WORK TO BE COMPLETED:
Scan the records below for the line with "14551 SW 24th Street, Davie, FL 33325" and the line with "Vánoční dekorace v", and retype that range exactly, both ends included, pictures excepted.

INFORMATION SHOWN:
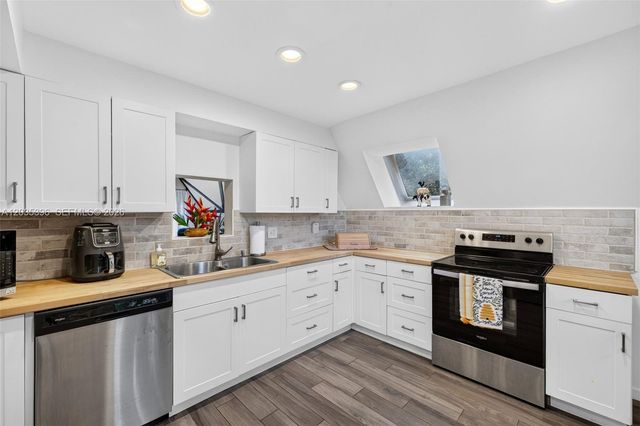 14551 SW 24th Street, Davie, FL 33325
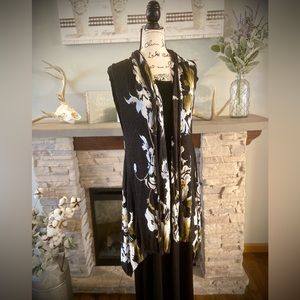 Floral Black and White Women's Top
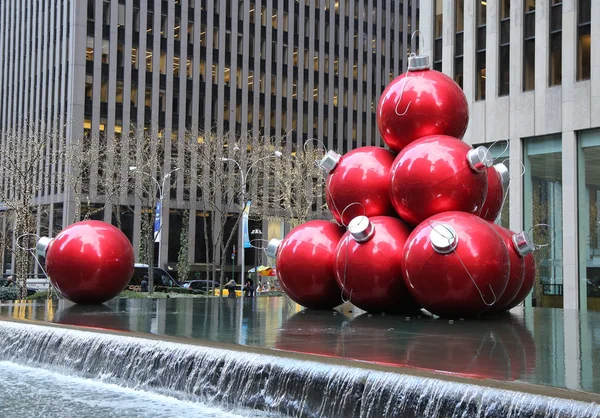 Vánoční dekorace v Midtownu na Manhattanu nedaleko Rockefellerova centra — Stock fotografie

==

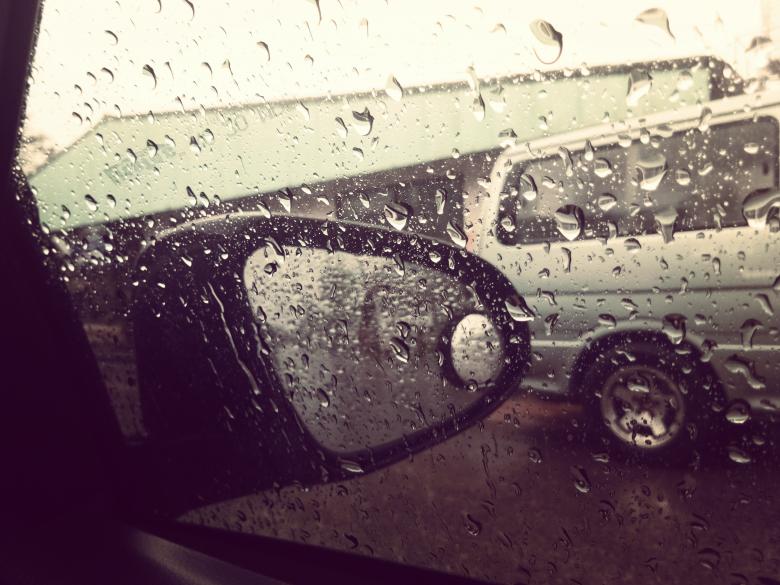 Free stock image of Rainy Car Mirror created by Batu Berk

TASK SOLUTION:
 14551 SW 24th Street, Davie, FL 33325
 Floral Black and White Women's Top
 Vánoční dekorace v Midtownu na Manhattanu nedaleko Rockefellerova centra — Stock fotografie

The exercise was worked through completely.